What you are asked to do:
Starting at the line below with "You are never" and stopping at the line with "She's also coming", please print each line exactly, those two included, and skip every picture.

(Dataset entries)
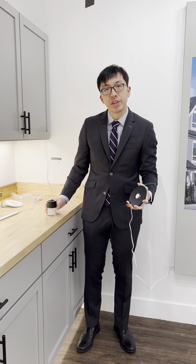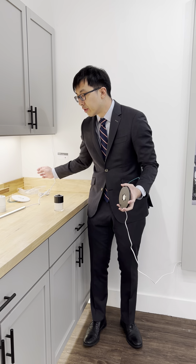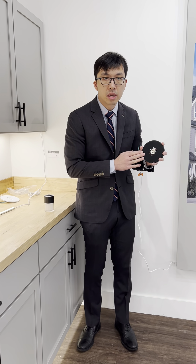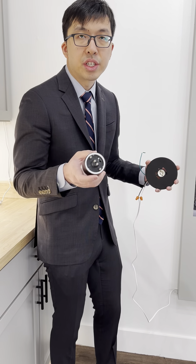I just wanted to introduce our new twisting light program. Basically what happens is you first mount a canopy directly to your junction box, and then we have a variety of fixtures that you can choose from. On the back of each fixture, you select your color temperature from 2700 Kelvin all the way to 5000 Kelvin, and then you simply twist on and light up the fixture that way.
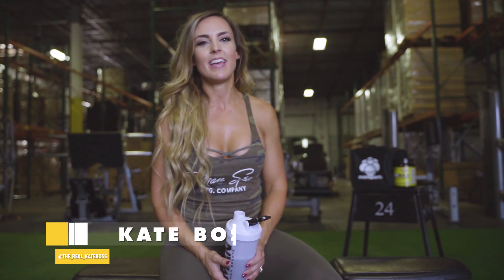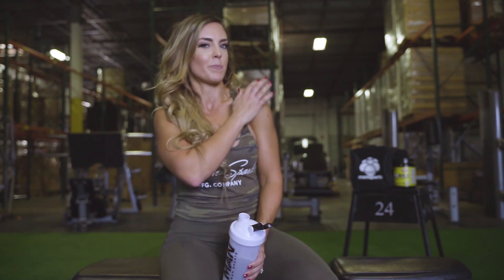Hey guys, I'm Kate Voss. I am a therapeutic riding instructor for individuals with special needs by day, and by night I am a bikini competitor and fit chick. Today I'm going to take you through my favorite shoulder exercises to help you build those perfect caps.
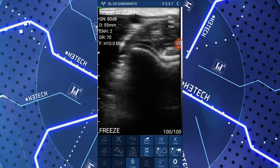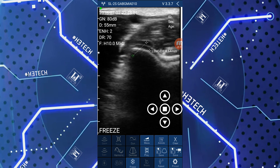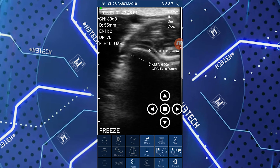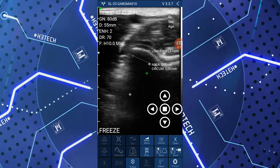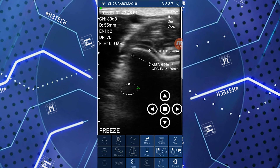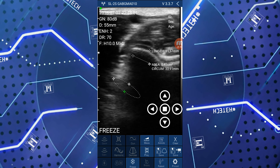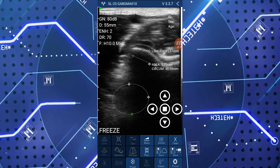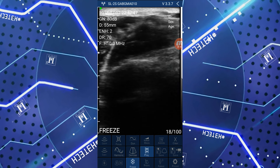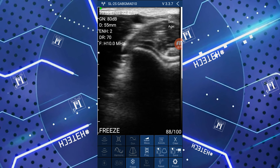Now let's see an example with the freeze function. What happens is that the image freezes, and from this point we can use the measurement function to measure, for example, a nodule or the caliber of a vessel. We can also measure an area by tracing a circle of various sizes and the ecograph will calculate the area of the portion we are studying. We can press play and it will automatically show the last hundred recorded frames. We can save the image or save the video.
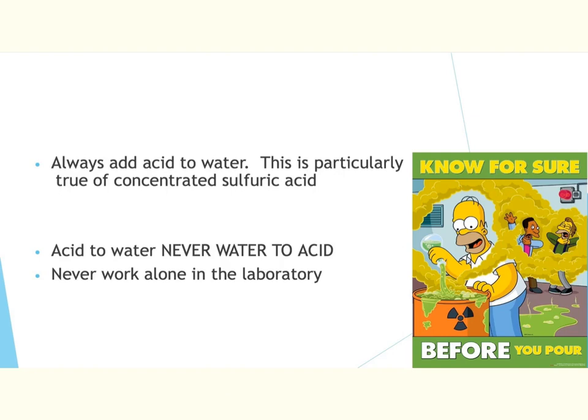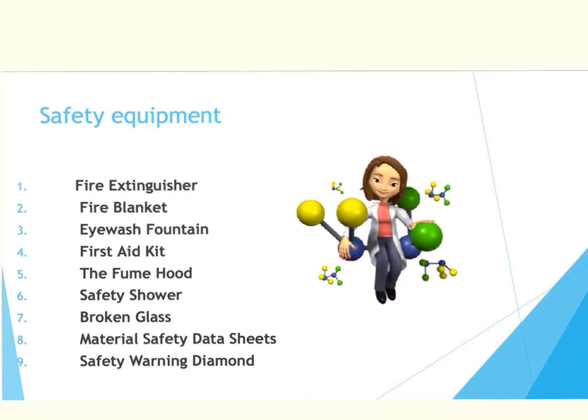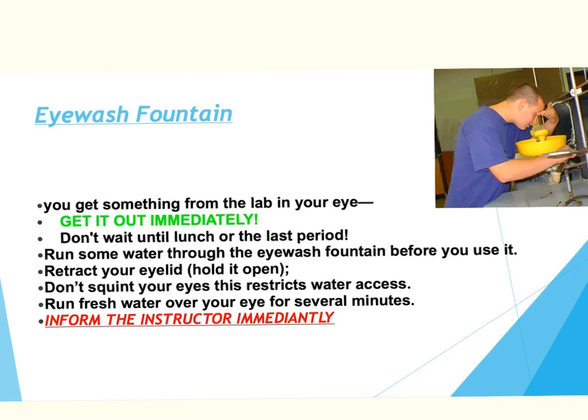You are never allowed to work alone in the lab. You need to have an instructor present at all times and preferably a lab partner as well. It is also extremely important for you to be able to identify the locations of the following safety equipment in your lab: the fire extinguisher, the fire blanket, the eyewash fountain, the first aid kit, the fume hood, the safety shower, where broken glass should be placed, your material safety data sheets, and your safety warning diamond. All of this should be easily identified — you should be able to draw out your lab and locate each of these components.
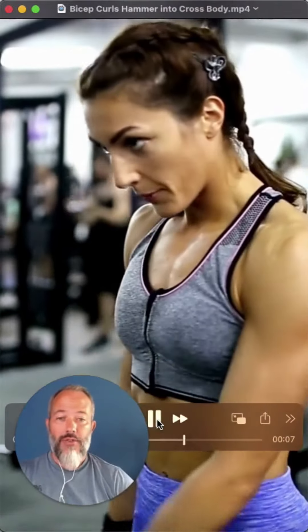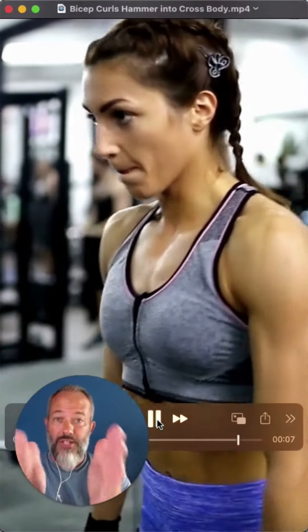She's also coming straight up in this range of motion, then coming across the body. That doesn't necessarily change up the mechanics of the muscles being used, but I do like it because you're working through a different plane of motion — life doesn't always happen in what we call the sagittal plane, which is forward and backward.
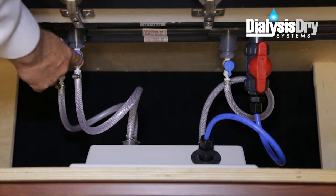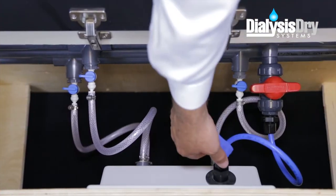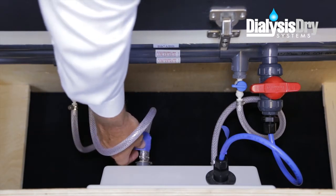You'll find them here, here, here, and here. Then, label each of the tubes for reinstallation, so you're sure each tube will be connected to the right port.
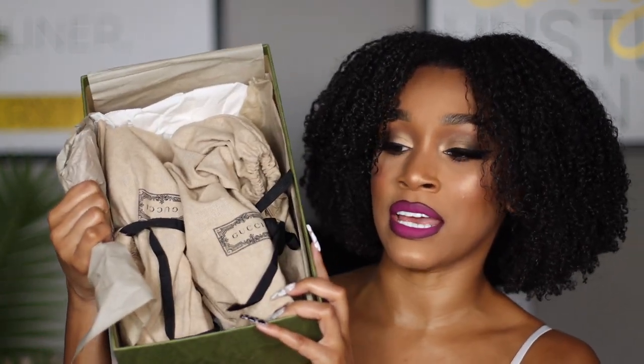Inside the bag you're going to find two dust bags. They're not the typical silky material that Gucci things usually come in — it's a different material. You guys can look at it and kind of know what I'm talking about. Let me show you the shoes.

Answer to this exercise:
You are never allowed to work alone in the lab. You need to have an instructor present at all times and preferably a lab partner as well. It is also extremely important for you to be able to identify the locations of the following safety equipment in your lab: the fire extinguisher, the fire blanket, the eyewash fountain, the first aid kit, the fume hood, the safety shower, where broken glass should be placed, your material safety data sheets, and your safety warning diamond. All of this should be easily identified — you should be able to draw out your lab and locate each of these components.
She's also coming straight up in this range of motion, then coming across the body. That doesn't necessarily change up the mechanics of the muscles being used, but I do like it because you're working through a different plane of motion — life doesn't always happen in what we call the sagittal plane, which is forward and backward.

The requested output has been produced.